De nombreuses entreprises profitent des sans-papiers : Chronopost, Deliveroo, Hôtel Ibis... Dans les secteurs de la livraison, de la restauration, du ménage ou du BTP, de nombreuses personnes bossent sans être correctement payé·es. La régularisation leur permettrait de sortir de cette situation d’emprise. Pour l’instant, les sans papiers sont laissé·e·s – volontairement – dans l’illégalité.
Alix insiste sur le fait qu’il s’agit d’un combat pour tous·tes. En effet, les employé·es qui sont en règle ont intérêt à voir les sans papiers sortir de l’illégalité. Le patronat n’envisage pas d’augmenter les salaires ou d’améliorer les conditions de travail. Il a à sa disposition – servi tout chaud par l’État – des travailleur·ses maintenues dans la précarité. Qui de toute façon, seront contraint·es d’accepter n’importe quelle forme d’exploitation.
Des situations absurdes
Les témoignages des sans papiers le montrent bien : remplir un dossier complet ne suffit pas pour une régularisation. La Préfecture ne respecte pas les conditions qu’elle impose. On est dans l’arbitraire. Moussa était scolarisé dans un lycée pro, il a obtenu ses examens avec la mention excellence, l’OFPRA (Office Français de protection des Réfugiés et Apatrides) refuse pourtant son dossier. Suite à un recours, même refus. En 1ère Pro, Moussa représente son lycée en participant à une compétition des métiers, il finit 1er de la région, avec la médaille d’Or, puis à Lyon, il termine 3ème national, avec la médaille d’excellence. Est‑ce assez pour la préfecture ? Visiblement non, le dossier de Moussa est encore recalé.
Soufiane est « dubliné1 » en Espagne ; il a donc été renvoyé en Espagne, mais est revenu. Soufiane veut s’inscrire à la chambre des métiers, pour créer son entreprise. Mais, sans titre de séjour, il est impossible de le faire. Il cotisait à l’URSAAF, et est à jour de ses cotisations, mais encore une fois, la préfecture pinaille. Il faut des garanties. Il faut un contrat de travail. Soufiane en obtient un de son entreprise. Le dossier est donc complet ? Non, une nouvelle condition est exigée ! C’est comme ça depuis janvier 2023. Mi-septembre, encore une nouvelle condition.

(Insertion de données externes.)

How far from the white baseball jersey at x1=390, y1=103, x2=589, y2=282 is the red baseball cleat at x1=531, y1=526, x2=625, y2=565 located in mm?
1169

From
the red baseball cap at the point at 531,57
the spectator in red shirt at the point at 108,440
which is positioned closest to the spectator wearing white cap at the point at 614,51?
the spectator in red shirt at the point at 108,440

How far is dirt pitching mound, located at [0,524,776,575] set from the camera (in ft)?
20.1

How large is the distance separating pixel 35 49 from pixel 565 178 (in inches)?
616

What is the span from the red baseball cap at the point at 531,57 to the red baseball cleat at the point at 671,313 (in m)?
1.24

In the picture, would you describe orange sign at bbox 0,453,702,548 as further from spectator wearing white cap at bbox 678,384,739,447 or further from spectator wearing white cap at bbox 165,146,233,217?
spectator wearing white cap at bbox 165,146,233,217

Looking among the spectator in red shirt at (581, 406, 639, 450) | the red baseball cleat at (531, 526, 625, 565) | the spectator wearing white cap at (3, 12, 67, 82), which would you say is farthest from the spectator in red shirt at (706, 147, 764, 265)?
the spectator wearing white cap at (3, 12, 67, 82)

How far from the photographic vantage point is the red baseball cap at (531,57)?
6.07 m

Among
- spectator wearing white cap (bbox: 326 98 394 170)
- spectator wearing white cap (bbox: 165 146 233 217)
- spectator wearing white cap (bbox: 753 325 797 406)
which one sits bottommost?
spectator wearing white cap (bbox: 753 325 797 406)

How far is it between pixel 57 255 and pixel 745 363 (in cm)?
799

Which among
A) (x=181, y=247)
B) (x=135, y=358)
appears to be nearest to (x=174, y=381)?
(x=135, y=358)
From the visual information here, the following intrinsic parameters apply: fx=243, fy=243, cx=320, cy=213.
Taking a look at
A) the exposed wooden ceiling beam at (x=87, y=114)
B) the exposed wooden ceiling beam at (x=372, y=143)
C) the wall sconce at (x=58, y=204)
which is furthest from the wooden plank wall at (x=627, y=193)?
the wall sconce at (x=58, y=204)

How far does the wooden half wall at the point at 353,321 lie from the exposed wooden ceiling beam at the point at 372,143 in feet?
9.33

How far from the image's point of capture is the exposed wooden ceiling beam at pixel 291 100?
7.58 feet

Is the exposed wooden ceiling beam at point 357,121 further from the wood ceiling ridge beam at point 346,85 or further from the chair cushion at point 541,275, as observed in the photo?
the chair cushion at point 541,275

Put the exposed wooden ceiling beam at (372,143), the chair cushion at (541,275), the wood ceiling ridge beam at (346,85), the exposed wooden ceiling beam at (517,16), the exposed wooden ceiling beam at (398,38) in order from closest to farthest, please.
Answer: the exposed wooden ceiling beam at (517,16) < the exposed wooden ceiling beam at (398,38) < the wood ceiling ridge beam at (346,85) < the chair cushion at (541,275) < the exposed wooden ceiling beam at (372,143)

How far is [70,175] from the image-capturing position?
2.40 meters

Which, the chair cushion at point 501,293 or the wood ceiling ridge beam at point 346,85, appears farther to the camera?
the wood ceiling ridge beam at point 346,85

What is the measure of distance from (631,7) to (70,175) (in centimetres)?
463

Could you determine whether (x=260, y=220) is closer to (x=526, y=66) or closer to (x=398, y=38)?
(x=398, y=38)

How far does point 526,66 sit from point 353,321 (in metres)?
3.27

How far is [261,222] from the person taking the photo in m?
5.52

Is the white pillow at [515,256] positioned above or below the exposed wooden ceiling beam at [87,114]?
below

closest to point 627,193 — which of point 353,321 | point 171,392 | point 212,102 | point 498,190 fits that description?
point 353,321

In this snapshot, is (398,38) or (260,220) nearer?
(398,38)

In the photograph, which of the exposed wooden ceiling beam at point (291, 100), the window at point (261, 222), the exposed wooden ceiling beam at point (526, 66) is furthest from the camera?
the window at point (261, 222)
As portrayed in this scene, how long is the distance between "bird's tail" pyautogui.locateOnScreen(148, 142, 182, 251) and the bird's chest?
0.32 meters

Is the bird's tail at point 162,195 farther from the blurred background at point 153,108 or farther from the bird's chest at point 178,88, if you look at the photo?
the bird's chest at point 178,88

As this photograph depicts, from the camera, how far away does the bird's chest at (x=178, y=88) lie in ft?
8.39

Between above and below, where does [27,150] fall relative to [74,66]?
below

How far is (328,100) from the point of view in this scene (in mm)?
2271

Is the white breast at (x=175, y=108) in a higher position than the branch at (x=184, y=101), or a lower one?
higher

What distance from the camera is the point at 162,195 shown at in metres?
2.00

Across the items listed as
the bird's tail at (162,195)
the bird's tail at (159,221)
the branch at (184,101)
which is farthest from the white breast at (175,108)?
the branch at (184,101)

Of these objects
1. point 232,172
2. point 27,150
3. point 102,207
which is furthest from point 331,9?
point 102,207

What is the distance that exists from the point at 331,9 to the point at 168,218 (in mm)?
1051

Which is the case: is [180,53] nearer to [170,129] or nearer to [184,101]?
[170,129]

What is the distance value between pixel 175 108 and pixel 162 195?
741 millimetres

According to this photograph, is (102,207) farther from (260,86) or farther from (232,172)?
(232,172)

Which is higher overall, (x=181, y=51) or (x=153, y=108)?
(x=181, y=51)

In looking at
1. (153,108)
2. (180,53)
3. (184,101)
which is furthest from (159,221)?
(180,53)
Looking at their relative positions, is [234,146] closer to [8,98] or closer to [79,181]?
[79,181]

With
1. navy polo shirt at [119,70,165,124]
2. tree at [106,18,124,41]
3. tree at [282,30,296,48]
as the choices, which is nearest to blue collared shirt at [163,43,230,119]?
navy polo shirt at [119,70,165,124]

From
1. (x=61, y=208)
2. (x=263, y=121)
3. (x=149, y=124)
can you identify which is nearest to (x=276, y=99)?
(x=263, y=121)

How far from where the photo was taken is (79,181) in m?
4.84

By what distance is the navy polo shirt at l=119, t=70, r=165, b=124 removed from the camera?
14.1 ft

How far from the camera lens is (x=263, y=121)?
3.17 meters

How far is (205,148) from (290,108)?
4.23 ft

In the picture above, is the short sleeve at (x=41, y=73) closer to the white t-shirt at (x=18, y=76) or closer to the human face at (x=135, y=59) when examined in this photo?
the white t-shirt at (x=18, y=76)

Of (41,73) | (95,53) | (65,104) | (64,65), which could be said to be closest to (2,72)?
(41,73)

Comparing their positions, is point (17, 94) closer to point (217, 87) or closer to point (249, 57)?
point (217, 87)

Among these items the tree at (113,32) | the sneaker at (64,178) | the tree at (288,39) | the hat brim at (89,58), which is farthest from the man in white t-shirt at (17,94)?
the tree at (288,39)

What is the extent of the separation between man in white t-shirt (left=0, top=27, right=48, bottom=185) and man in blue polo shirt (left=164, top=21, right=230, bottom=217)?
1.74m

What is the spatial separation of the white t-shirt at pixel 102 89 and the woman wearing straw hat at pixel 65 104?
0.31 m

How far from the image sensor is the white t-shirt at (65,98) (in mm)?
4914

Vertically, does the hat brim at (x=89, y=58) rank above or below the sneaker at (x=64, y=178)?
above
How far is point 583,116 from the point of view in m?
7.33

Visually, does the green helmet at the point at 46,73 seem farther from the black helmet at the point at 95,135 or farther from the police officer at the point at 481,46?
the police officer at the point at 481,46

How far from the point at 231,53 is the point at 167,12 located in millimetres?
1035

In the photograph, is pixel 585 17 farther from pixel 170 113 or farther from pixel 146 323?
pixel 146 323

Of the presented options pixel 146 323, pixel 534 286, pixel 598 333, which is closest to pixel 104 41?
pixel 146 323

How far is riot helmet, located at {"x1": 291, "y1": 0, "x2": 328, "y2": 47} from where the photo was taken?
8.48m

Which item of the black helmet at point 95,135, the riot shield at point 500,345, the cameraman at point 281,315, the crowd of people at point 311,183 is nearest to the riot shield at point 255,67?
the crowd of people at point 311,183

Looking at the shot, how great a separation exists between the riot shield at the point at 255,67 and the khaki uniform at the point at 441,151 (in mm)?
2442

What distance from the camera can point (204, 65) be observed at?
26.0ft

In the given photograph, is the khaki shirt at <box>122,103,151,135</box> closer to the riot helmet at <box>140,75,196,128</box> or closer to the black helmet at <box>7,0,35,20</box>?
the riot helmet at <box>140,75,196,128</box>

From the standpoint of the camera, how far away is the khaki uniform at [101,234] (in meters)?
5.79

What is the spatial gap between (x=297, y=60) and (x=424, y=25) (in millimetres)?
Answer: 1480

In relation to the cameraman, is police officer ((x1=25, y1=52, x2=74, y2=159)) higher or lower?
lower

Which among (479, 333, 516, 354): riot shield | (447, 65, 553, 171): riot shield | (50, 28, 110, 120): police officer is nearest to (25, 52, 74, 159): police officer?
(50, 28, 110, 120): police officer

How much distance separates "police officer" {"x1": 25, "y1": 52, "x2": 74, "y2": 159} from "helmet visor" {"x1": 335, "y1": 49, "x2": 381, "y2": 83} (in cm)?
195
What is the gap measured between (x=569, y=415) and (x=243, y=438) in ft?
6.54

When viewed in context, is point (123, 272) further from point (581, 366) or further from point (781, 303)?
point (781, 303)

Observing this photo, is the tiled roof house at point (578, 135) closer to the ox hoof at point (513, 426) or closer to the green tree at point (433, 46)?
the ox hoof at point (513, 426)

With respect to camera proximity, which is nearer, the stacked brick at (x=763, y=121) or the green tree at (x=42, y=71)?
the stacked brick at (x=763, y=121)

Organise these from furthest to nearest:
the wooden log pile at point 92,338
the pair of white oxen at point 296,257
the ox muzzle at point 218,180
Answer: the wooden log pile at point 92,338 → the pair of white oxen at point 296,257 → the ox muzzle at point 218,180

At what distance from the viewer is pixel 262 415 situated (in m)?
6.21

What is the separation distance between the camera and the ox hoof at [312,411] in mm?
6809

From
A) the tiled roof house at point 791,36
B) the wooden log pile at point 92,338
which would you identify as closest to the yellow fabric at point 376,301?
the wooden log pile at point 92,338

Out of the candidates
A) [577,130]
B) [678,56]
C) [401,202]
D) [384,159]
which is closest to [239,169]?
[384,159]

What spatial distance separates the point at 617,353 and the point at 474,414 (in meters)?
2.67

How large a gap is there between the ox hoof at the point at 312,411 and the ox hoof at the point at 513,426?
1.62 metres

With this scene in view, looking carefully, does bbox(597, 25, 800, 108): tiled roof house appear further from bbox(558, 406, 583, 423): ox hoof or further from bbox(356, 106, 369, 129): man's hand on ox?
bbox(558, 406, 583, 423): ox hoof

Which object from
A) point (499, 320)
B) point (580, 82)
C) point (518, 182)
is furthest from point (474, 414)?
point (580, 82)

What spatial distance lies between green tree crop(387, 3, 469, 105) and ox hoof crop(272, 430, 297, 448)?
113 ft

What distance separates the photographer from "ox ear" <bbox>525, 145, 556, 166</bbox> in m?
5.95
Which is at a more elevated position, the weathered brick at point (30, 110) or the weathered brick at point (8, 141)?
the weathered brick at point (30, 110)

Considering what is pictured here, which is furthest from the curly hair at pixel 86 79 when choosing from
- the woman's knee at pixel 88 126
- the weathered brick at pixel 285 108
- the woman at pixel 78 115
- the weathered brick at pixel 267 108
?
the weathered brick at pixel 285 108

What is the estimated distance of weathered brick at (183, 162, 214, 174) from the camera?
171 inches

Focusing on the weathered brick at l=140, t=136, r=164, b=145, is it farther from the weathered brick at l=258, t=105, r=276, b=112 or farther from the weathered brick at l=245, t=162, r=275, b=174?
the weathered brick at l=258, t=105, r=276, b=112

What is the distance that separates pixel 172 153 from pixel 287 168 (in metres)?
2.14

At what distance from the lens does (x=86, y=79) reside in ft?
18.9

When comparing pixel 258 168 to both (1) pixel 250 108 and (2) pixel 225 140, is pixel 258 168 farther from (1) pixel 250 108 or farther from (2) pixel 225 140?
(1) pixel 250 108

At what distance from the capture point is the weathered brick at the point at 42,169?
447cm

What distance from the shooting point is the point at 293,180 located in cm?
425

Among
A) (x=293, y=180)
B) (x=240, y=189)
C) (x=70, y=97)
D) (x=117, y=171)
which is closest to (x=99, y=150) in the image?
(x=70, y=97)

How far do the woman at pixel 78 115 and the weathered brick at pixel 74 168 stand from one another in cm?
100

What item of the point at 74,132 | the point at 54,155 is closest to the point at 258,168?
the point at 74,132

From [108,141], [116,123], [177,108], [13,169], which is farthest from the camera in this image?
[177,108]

Nicole est étudiante en management en Belgique. Comme sa famille vit en France, elle demande à venir. Elle obtient un titre de séjour et travaille comme experte-comptable dans une entreprise, qui fait finalement faillite. Elle a alors besoin d’un nouveau titre de séjour, qui lui est refusé. Elle explique que « la France doit se ressaisir. Les immigré.es apportent beaucoup par leur travail ». Les patrons veulent bien qu’ielles travaillent... mais avec les salaires les plus minables possibles !
Ismaël, lui, raconte qu’il travaille. Il a un CDI, mais sa carte de séjour a expiré. Elle est bloquée à la préfecture. Il ne sait pas s'il va pouvoir garder son emploi, ni combien de temps ça va durer.
Pour les personnes concernées, cet éternel recommencement est épuisant et décourageant. C’est à se demander si ce n’est pas le but. Pendant que les services de la préf mènent en bateau dans des dédales administratifs, les galères s’accumulent. Chaque jour sans titre de séjour valide est passé dans la peur du contrôle.
Ces témoignages sont révoltants et démontrent une injustice, une volonté de laisser traîner les dossiers de régularisation afin de livrer les personnes au patronat. Alors le Préfet Leclerc doit enfin entendre l’exaspération des personnes et régulariser sans attendre !
texte par Bennn
dessin par Je signe ici ?
1. Une personne "dublinée" est un.e migrant.e faisant l'objet d'une procédure de transfert ou "réadmission" vers un autre pays européen, là où ses empreintes ont été enregistrées pour la première fois, lors de son arrivée sur le territoire européen.